In yesterday’s daf, the Mishna (Shabbat 22:1, 143b) stated that ‘we may not squeeze (סוחטין) fruits [on Shabbat] to extract liquid from them’ because, as Rashi explains, סחיטה (squeezing) [certain] fruits on Shabbat falls under the forbidden Shabbat melacha of דש (threshing).
Today’s daf (Shabbat 144a-b) continues the discussion of סחיטה (squeezing), but with a particular emphasis on the transformations that occur to such liquids when squeezed with a particular intention.
For example, we are told that while the juice in a fruit has the status of ‘juice of a fruit’, when such fruit is squeezed and collected for the sake of drinking it as a beverage, it ‘adopts’ a new status of being a משקה – meaning ‘a beverage’ – with an independent status that is no longer directly connected to the fruit from which it came (nb. this is why the bracha recited on fruit juice is the more generic ‘Shehakol’ and not ‘HaEtz’ which is said when consuming fruit from a tree).
With this in mind, and while also bearing in mind that the prohibition of סחיטה (squeezing) only applies to drink and not food, the Gemara then states:
‘Rav Yehuda said in the name of Shmuel: “A person may squeeze a cluster of grapes into a pot [of food on Shabbat] but not into an [empty] bowl”’.

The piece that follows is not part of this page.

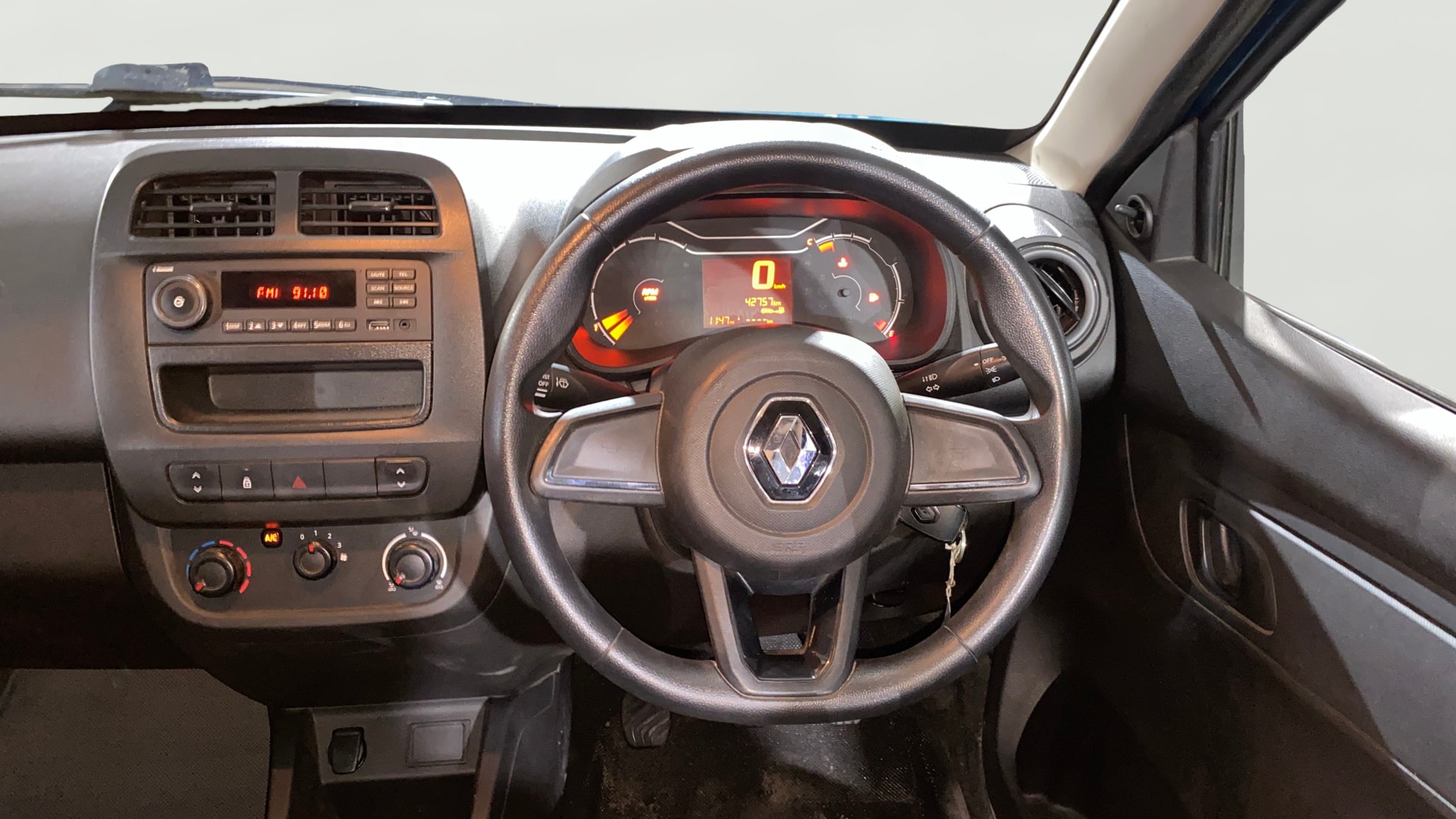 View 2021 Renault Kwid RXL Image 20 Used 2021 Renault Kwid RXL Image 20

As Rashi explains, when the grape juice is mixed with foods, it ‘adopts’ the status of food and is therefore permitted, while if the grapes are squeezed into an empty bowl, then the juice retains its liquid status and such squeezing is therefore forbidden.
What we learn from here is that the juice of a fruit can change its status based on the intentionality of the person squeezing the fruit, and specifically, based on ‘what’ is done with the juice (e.g. drank as a beverage) and ‘where’ it is squeezed into (i.e. squeezed into a pot of food).
In a similar vein, while – as Rabbi Yisrael Salanter once put it – “It is easier to learn the entire Talmud than to change one character trait”, the possibility of changing and improving ourselves always exists, but this is generally only possible when we are prepared to reconsider ‘what’ we do (i.e. our actions), and ‘where’ we do it (i.e. the physical and spiritual atmosphere that surrounds us).